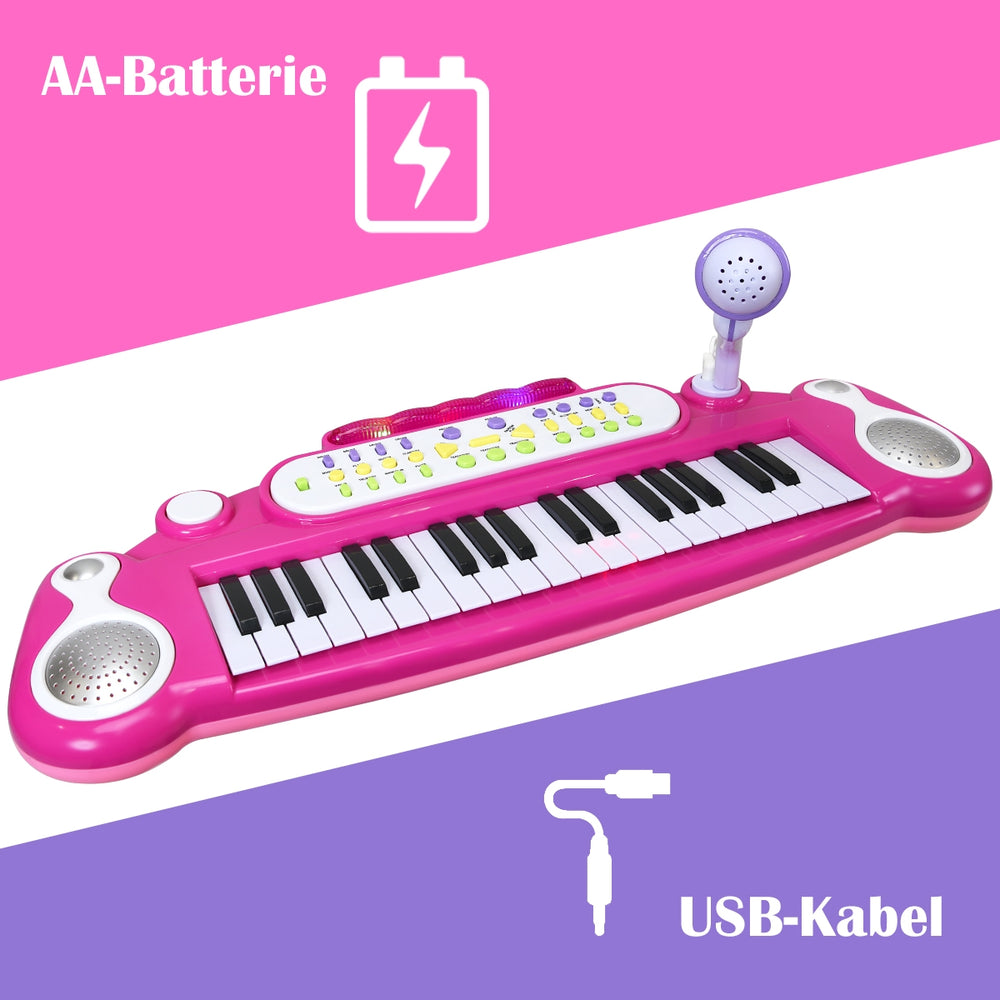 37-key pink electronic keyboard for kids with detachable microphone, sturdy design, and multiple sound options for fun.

______________________________

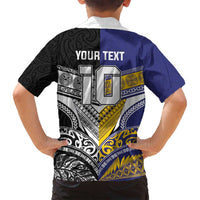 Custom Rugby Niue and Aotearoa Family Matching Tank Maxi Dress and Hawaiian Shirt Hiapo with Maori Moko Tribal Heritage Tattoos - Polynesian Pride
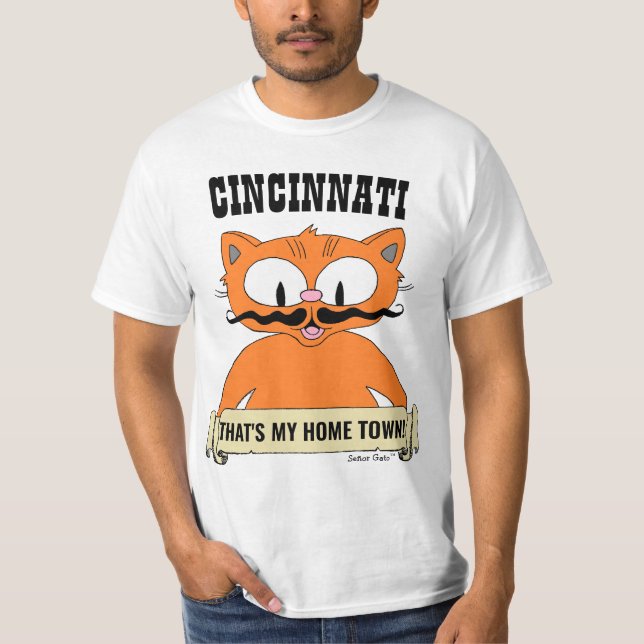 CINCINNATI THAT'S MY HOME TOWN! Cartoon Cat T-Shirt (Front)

______________________________

### Work instruction
Within the listing above, the stretch from the line with "Custom Rugby Niue" down to the line with "CINCINNATI THAT'S MY" is to be given again exactly, end lines included and pictures excluded.

### Result of this task
 Custom Rugby Niue and Aotearoa Family Matching Tank Maxi Dress and Hawaiian Shirt Hiapo with Maori Moko Tribal Heritage Tattoos - Polynesian Pride
 CINCINNATI THAT'S MY HOME TOWN! Cartoon Cat T-Shirt (Front)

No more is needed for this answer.